Within the lines below, the span from the line with "You should do" to the line with "Hi everyone and", both ends included, is to be reproduced exactly, with pictures omitted.

◆ **Source data**:
=-=-=-=-=
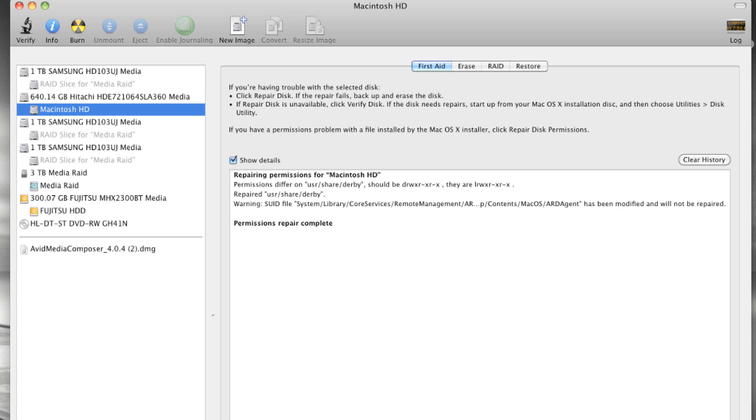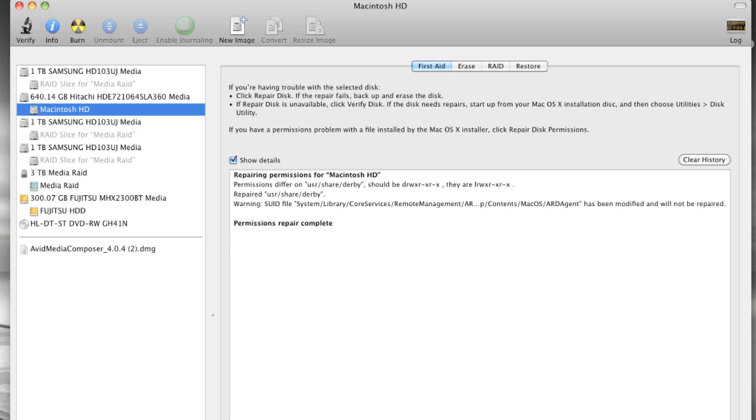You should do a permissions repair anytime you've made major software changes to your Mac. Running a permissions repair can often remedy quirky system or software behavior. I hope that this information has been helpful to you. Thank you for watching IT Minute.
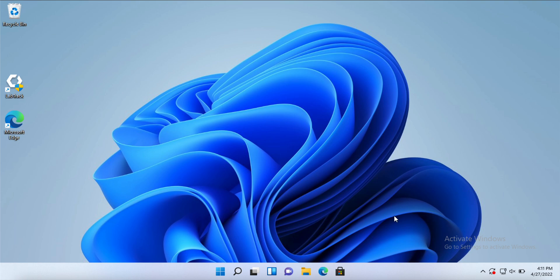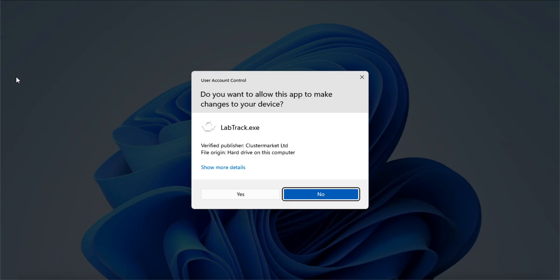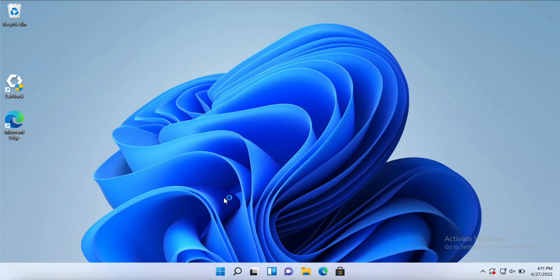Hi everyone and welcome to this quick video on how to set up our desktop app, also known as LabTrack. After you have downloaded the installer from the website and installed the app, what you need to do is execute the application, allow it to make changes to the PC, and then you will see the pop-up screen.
=-=-=-=-=
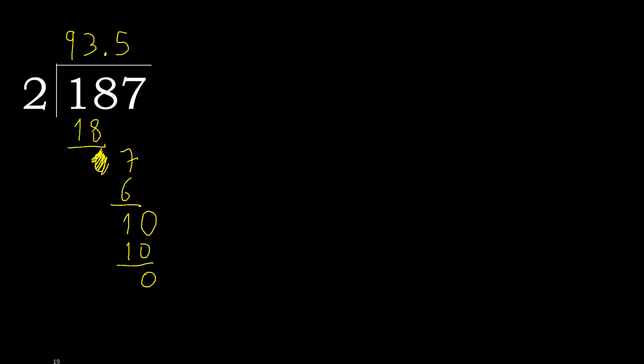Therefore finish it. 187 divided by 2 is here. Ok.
=-=-=-=-=
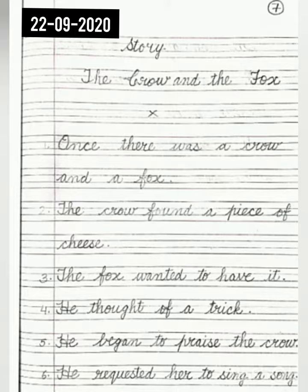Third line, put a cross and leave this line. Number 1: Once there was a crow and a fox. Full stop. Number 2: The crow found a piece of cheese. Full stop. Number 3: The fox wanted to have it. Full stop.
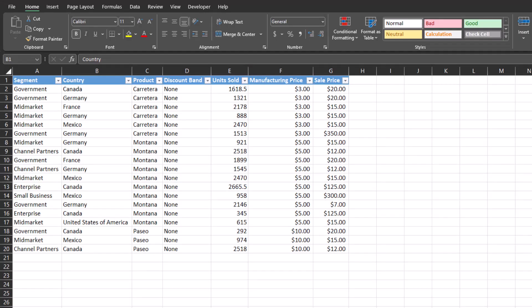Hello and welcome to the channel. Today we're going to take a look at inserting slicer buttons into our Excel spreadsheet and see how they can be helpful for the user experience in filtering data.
=-=-=-=-=
◆ **Answer section**:
You should do a permissions repair anytime you've made major software changes to your Mac. Running a permissions repair can often remedy quirky system or software behavior. I hope that this information has been helpful to you. Thank you for watching IT Minute.
Hi everyone and welcome to this quick video on how to set up our desktop app, also known as LabTrack. After you have downloaded the installer from the website and installed the app, what you need to do is execute the application, allow it to make changes to the PC, and then you will see the pop-up screen.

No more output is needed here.